Il y a aussi des raisons économiques. Je trouvais étrange que mes livres soient importés dans le pays où j’habite et soient donc plus chers pour les gens de mon environnement. Et même pour moi, quand il y a des ventes dans des pays étrangers, il y a moins d’argent souvent, là j’ai gardé par contrat mes droits pour le Québec, ça me permet et d’avoir des livres moins chers et de les voir mieux défendus sur le territoire. Après je ne fais pas ça pour tous les livres, il y a eu le premier et Adieu triste amour, ils sont vraiment parus presque en même temps dans les deux pays, mais je ne garde pas forcément les droits pour mes albums jeunesse qui ne seraient pas publiés par Pow Pow, par exemple. Je trouve ça important pour ces raisons, aussi parce que j’ai envie d’être publiée là où sont publiées mes amies, d’être dans cet ensemble, ça me plaît
Entretien avec Mirion Malle, 2023
Les raisons évoquées sont donc autant économiques qu’affectives et symboliques. À la différence de Julie Delporte, qui a publié principalement au Québec et y a, a minima, toujours créé ses bandes dessinées, Malle a dû composer, en raison du succès qu’elle avait connu, avec un public et un écosystème éditorial déjà constitués. Elle a ainsi dû apprivoiser une identité à la fois nouvelle et plus visible, dont la trace se perçoit nettement dans son travail, et qui la mène à la décision de donner deux éditions francophones à ses ouvrages. Ce transfert est d’autant plus fort que les albums de Pow Pow sont malgré tout différents des albums français. La question est marginale, mais quelques textes sont modifiés, alors même que les récits de Malle se passent à Montréal et sont en français québécois, mais un français québécois qui doit être compris par des Français et qui est donc validé avant publication par son éditrice. Au Québec, certains textes sont ainsi modifiés, laissant imaginer de nouvelles corrections, voire le rétablissement d’une volonté originale. Il s’agit en tout cas d’une intéressante négociation avec la québécité, qui mérite d’être étudiée.
Figure 1
Comparatif entre la version française et québécoise de la page 36 d’Adieu triste amour (la différence du bord droit de la deuxième page est uniquement liée à des questions de scan).

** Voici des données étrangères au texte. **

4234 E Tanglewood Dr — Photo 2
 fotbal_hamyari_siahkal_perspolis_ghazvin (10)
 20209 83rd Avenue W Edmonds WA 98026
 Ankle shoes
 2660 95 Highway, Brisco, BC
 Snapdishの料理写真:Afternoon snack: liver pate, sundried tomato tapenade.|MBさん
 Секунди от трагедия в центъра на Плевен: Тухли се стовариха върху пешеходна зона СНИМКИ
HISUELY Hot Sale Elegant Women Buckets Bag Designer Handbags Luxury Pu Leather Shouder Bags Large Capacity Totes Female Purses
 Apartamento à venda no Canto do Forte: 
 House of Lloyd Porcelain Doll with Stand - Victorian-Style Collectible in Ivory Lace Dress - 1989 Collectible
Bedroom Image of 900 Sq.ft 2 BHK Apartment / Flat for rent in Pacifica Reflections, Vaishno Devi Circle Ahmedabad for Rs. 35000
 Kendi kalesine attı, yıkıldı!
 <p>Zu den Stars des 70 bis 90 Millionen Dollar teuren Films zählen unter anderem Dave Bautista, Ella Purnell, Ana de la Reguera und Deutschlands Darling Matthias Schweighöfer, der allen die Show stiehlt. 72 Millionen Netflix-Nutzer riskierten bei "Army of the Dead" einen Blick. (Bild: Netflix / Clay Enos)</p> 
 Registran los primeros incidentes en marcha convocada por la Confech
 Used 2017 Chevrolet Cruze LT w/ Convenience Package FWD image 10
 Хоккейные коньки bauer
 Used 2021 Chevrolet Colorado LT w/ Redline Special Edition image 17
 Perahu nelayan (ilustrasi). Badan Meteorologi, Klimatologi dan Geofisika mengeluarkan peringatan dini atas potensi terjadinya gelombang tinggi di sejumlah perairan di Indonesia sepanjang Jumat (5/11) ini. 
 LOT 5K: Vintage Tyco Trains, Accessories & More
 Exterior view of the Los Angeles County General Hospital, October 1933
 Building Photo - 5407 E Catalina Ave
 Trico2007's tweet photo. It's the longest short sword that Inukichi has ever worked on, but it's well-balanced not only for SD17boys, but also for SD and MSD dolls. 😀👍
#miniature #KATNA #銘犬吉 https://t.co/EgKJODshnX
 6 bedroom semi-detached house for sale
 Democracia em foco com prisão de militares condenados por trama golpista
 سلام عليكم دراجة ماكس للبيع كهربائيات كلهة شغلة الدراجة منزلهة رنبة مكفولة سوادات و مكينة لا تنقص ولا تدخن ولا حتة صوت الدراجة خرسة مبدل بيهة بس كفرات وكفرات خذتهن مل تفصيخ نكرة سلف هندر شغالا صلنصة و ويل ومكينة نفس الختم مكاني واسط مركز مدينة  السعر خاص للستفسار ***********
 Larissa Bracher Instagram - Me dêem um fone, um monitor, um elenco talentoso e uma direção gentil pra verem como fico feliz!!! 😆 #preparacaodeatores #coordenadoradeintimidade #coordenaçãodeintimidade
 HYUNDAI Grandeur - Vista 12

En annexe de cet article, j’ai relevé les corrections que j’ai pu repérer dans les deux éditions d’Adieu triste amour. On y voit qu’elles sont assez peu nombreuses et principalement liées aux scènes de colère (« larguer/laisser », « gueule/yeule »). Deux scènes semblent cependant exemplaires de ces échanges parfois contrariés et sont intéressantes à explorer plus avant. Si Adieu triste amour est une fiction, le personnage semble bien inspiré de la vie de Malle – c’est une autrice de BD française émigrée à Montréal –, et il y a une différence linguistique notable entre elle et ses relations françaises, croisées dans un festival ou rencontrées en visioconférence, et ses relations québécoises. Le décalage de l’expatriée qui a « pris » certaines expressions est décrit quand ses amis se moquent d’elle alors qu’elle dit : « “Full nice” haha, oh la la, excuse-nous, madame Québec, regardez-la parler le langage local! » (Malle, 2022 : 36) « Full nice » est donc bien pris comme un exemple d’expressions québécoises. De fait, cela ne se dit pas en France. Pourtant, dans l’édition québécoise, ce qui apparaît comme un anglicisme québécois pour des Français devient « full fine », expression en effet moins compréhensible pour un Français, que l’on imagine plus idiomatique pour un Québécois. Quoi qu’il en soit, il y a comme une ironie dans le fait que ce qui représente un québécisme dans la version française de l’album soit corrigé dans l’édition québécoise.
Dans l’autre sens, mais de manière moins fortement symbolique, on observe une correction culturelle quand le personnage de Farah (une Française) parle du « SAMU », traduit dans la version québécoise par « les urgences » (Ibid. : 101). On comprend facilement qu’il s’agit ici aussi d’une logique idiomatique – on n’utilise pas le terme « SAMU » au Québec –, mais puisqu’il s’agit de personnages évoluant dans des sphères linguistiques différentes, la conservation de « SAMU » aurait pu être justifiée. Par ailleurs, « urgences » s’utilisant aussi largement en France de manière usuelle, il y a fort à parier que l’autrice, française, a spontanément écrit « SAMU » dans son scénarimage (storyboard), chose que l’éditeur français n’aurait évidemment pas corrigé. Dans tous les cas, ce choix a nécessité une retraduction au Québec, alors que le terme « urgences » est une expression plus usitée dans la francophonie occidentale. Ces quelques exemples montrent bien que, si le premier mouvement de corrections est venu des éditeurs français voulant éviter des québécismes jugés trop obscurs pour leur public, les corrections ne se sont pas faites à sens unique puisqu’il a existé une deuxième phase, ce qui a placé le texte de Malle au coeur de cet enjeu biculturel.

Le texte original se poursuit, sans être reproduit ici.